本

『地の糧』

ホンとの本

『地の糧』
ジッド
今日出海訳
新潮文庫
\550+
1952.3.

 ジッドというと、信仰に厳しく禁欲的な物語が頭に浮かぶかもしれない。だが、それを「信仰」と呼ぶことには批判的な意見が多い。日本ではジッドは人気があると思われるが、その日本人が、信仰ということについてあまりよく分かっていないために、ジッドが信仰的な作家だ、というふうに見られているのかもしれない、というのだ。
 私はここで文学論を立てるほどの知識も能力もない。今回手にしたのは、『地の糧』である。これが2023年、ヨルシカとのコラボによって新しい表紙として出たことで、異例のヒットを飛ばしているのだという。私はそのことを全く知らずに、図書館で手にしただけである。
 ジッドの中で、これは読んだことがなかった。薄い本だし、気軽に読めそうだ。  やはり一番本書で有名なのは、「君はすっかり読んでしまったら、この本を捨ててくれ給え――そして外へ出給え」という、最初の頁であろう。当然、「書を捨てよ町に出よう」という寺山修司の言葉が頭に浮かんでくる。

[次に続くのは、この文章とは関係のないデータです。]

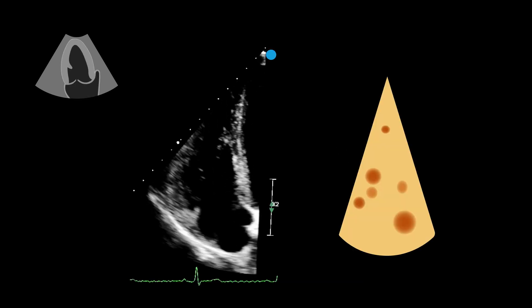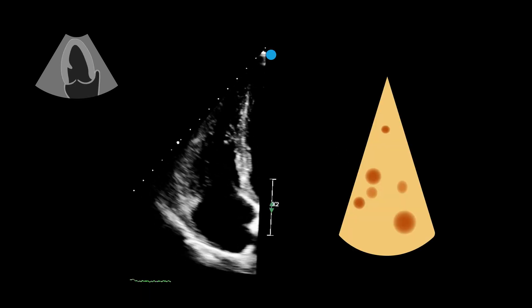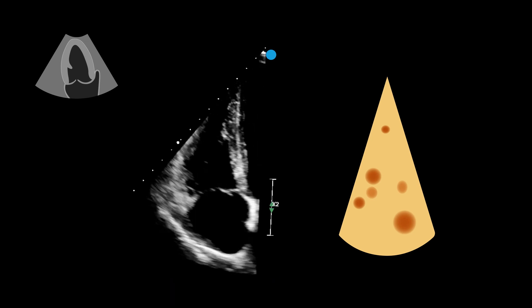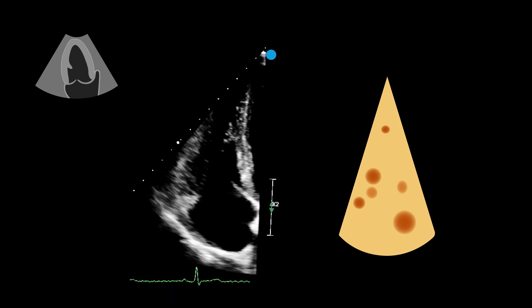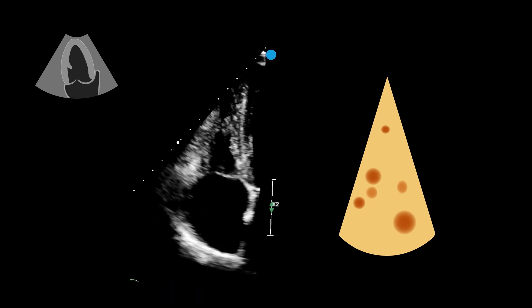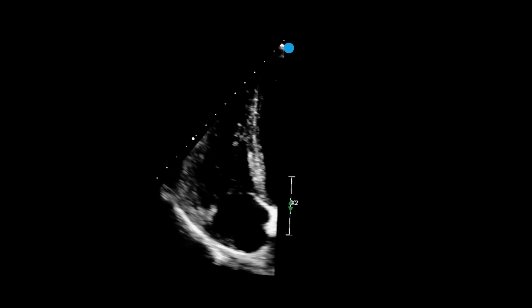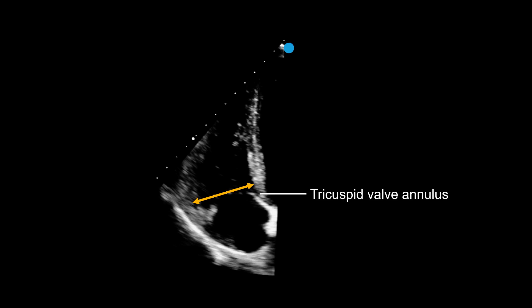Now let's look at the apical view. The right ventricle, in this view, resembles a triangular wedge of cheese. Here, we can take three measurements referred to as dimensions. Dimension one, the base, or basal diameter, is taken just above the tricuspid valve annulus, where the right ventricle is at its widest.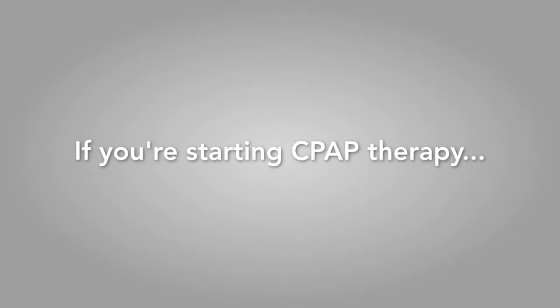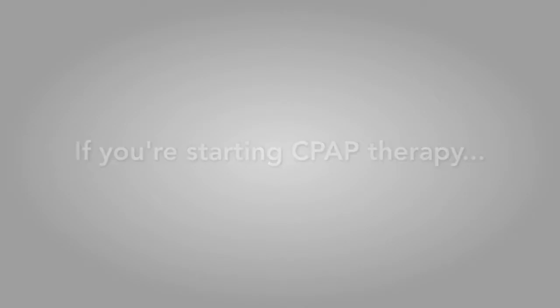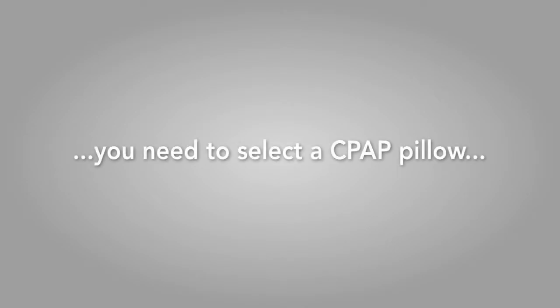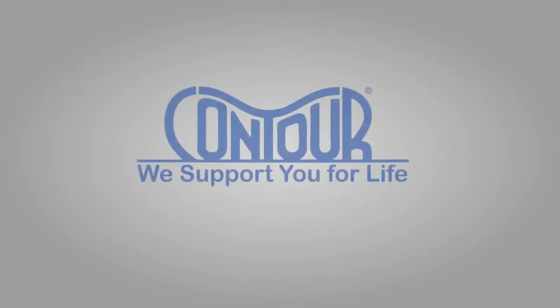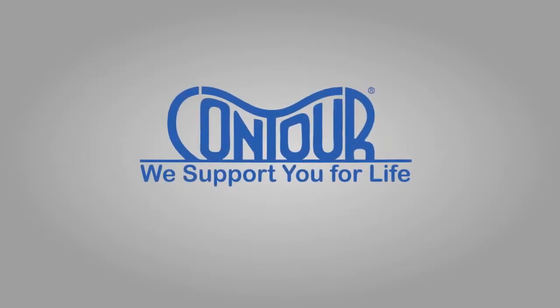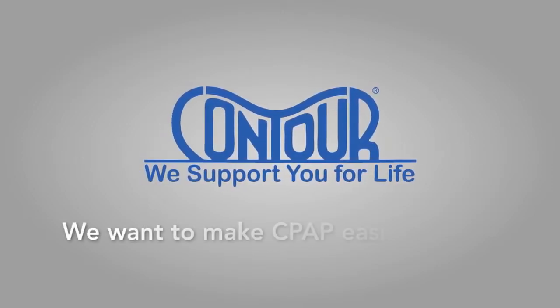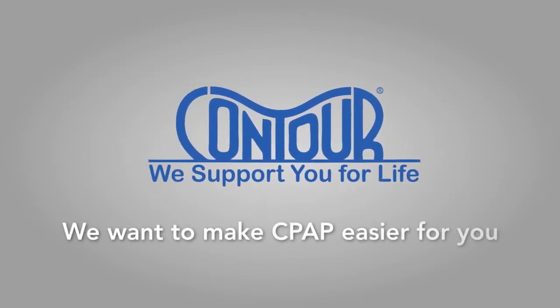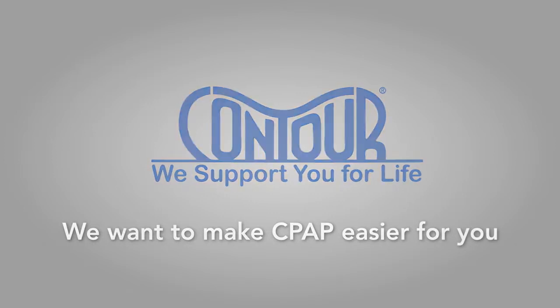If you are starting CPAP Therapy, the next important decision to make is to select and purchase a CPAP pillow. Contour Products wants to make CPAP easier for you.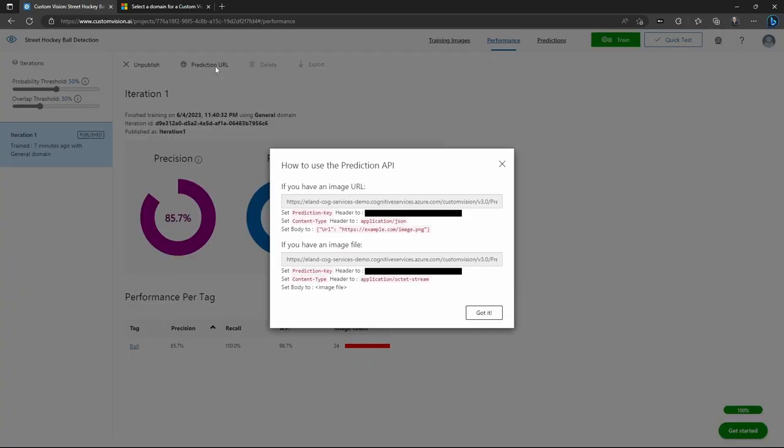Once the model is published, you're going to be able to make a REST call to it or use the Azure Cognitive Services API or SDK and be able to make prediction calls from it and generate object predictions for new images. So very cool.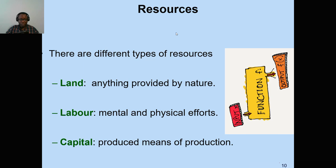In economics, we generally have four main resources, or factors of production. The first is land, which is any free gift of nature. To determine if something is land, ask yourself: is it a free gift of nature? A national park, a lion, a giraffe — if it is a free gift of nature, it falls under the category of land. The second is labor, which is the mental and physical effort by human beings.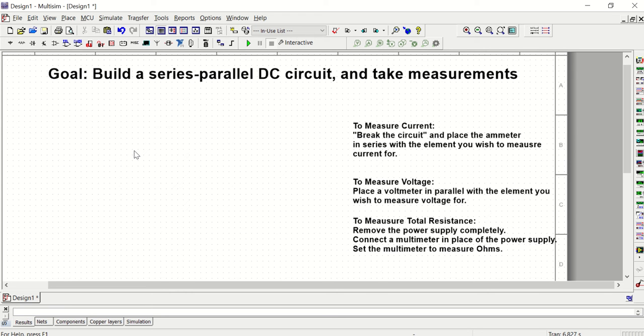Hi, this is Professor Evans. This video is for the students in EET 1214C and in this video we're going to do another multisim demonstration of how we build a series parallel DC circuit and then take measurements.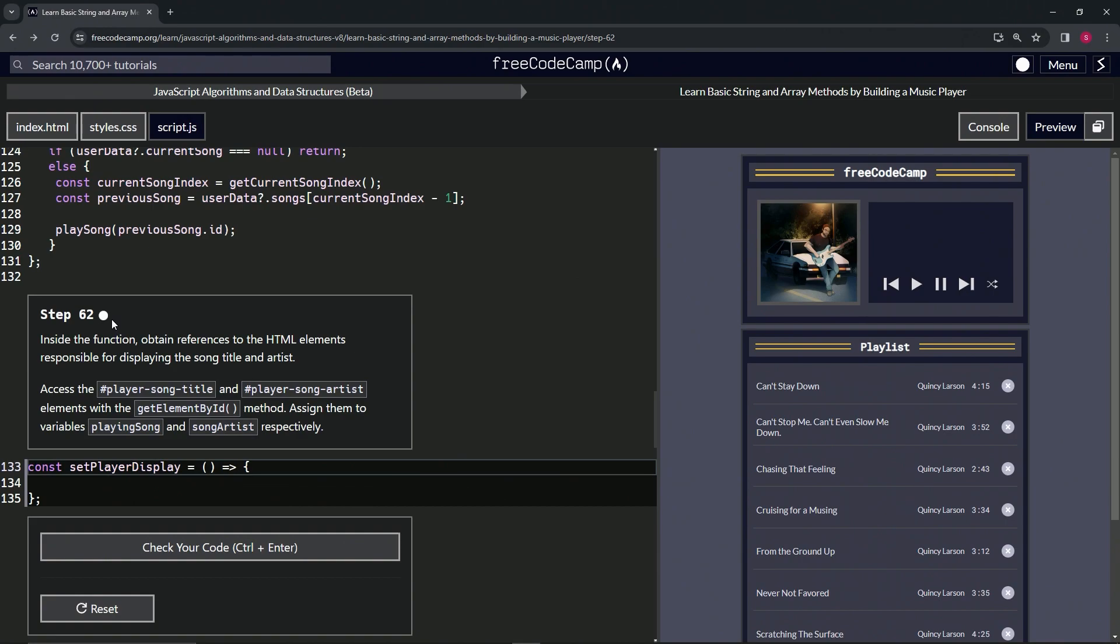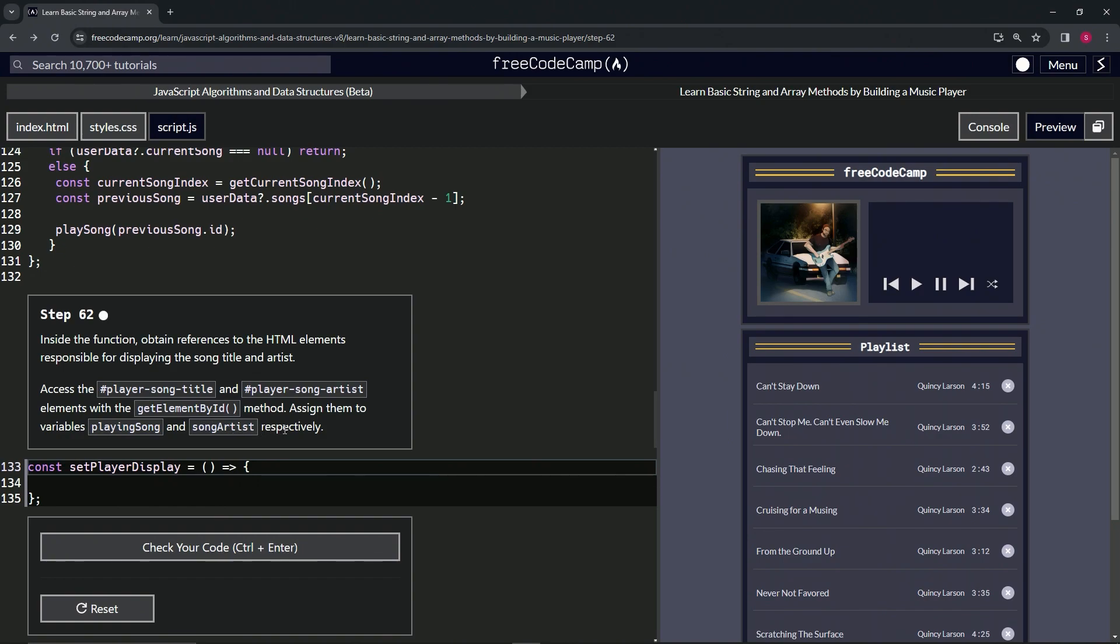Inside the function, we're going to obtain references to the HTML elements responsible for displaying the song title and artist. We will access the player song title and player song artist ID elements with the getElementById method. Then we're going to assign them to variables playing song and song artist respectively.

日本中で若者の心を捉えたこの言葉は、ジッドに由来するのだろうか。
 この言葉は、ナタナエルに宛てられている。謎の人物である。本書の文章のすべてが、彼に向けて綴られているようである。その文章というのが何を書いているのか。全体が8つの書と讃歌とからできている。それらは実に自由に語られている。まるで日記のようである。しかしあまりに詩的で、流れるような、また唐突なフレーズや展開で、読者を戸惑わせる。それがまたよいのだ、というファンも多いのだろう。感覚的で、極めて自由で、そして非倫理的で……。
 ジッド自身は、フランスでは少数派のプロテスタントの葉池に生まれ、しかし信仰生活に反発し、若くして放蕩を尽くす。否、もう幼くして早熟で不品行のかどで目をつけられていたのだとも言われる。娼婦との付き合いは本書の中でも反映されているし、同性愛も甚だしかったらしい。するとこのナタナエルという宛先も、その道の相手を想定しているのかも知れない。たぶん実在の人物ではなく、ジッドが構想した対象ではないかと推測するのだが。
 文章は、日本語でもこれだけ詩的で繊細な輝きに満ちているのだから、元のフランス語だったらどうなのだろう。これだけの文豪の文章である。本作品は二十代後半、最愛の妻マドレーヌと結婚して間もなく書かれている。よく知られた作品が出てくるまでには、もう少し時間がかかる。若さのままに、また溢れる生のエネルギーをふんだんにぶつけて綴っているということなのだろうか。
 本作品には、最初に書かれて30年後の版に記された「序」があり、本書では最後にそれが掲載されている。過去を振り返り、自己評価をしているようでもあるが、その若気の至りのような作品を、目を細めて見つめているかのようでもある。やっぱり、あの「欲望と本能の讃美」は、輝かしいものであったのだ、と。
 私たちに、そういうものはあるだろうか。私はすっかりそういう自分を消してしまいたいような生き方に変わってしまったけれど、あの若いときの奔放さというものについては、ジッドに共感できる部分が、ないわけではない。無邪気で無知な自分でもあった。ひとの心になど関心がなく、自分本位だけの世界をもっていた。今でもそうだ、と言われたら否定できないが、そのような自分を認識できるほどに、いまの私はあのままの私ではない。ジッドがどうだったかは知らないが、私だったら、私の十代に書いた詩についても、いまの自分が「分かる」と確かに言える。それはやはり、どこか眩しいものなのだ。そっとそこにそのままで輝いているべきではあるし、二度と現実にはならない標本のようなものであるかもしれないけれども、確かにそこにあるものだ。また、無価値だと斬り捨てるべきではないものなのだ。
 ジッドの研究もよろしいが、読者は、読者自身の「地の糧」を見つけ出したらいいと思う。読者にとってのナタナエルがいたらよい。このナタナエルという名は、聖書にも登場する。イエスの弟子の一人である。福音書によってはバルトロマイと記されている人物のことかと推測されている。その名の意味はおよそ「神の賜物」であることははっきりしている。ジッドはもちろん聖書文化の人間である。これを無視して作品の人物名には使うまい。しかし、その謎解きは、研究者や酔狂な方々にお任せすればよい。読者の愉しみは、他の誰にも許さない、自分だけの読書ができるということである。
 ふと、不埒な過去の自分を、顧みては如何だろうか。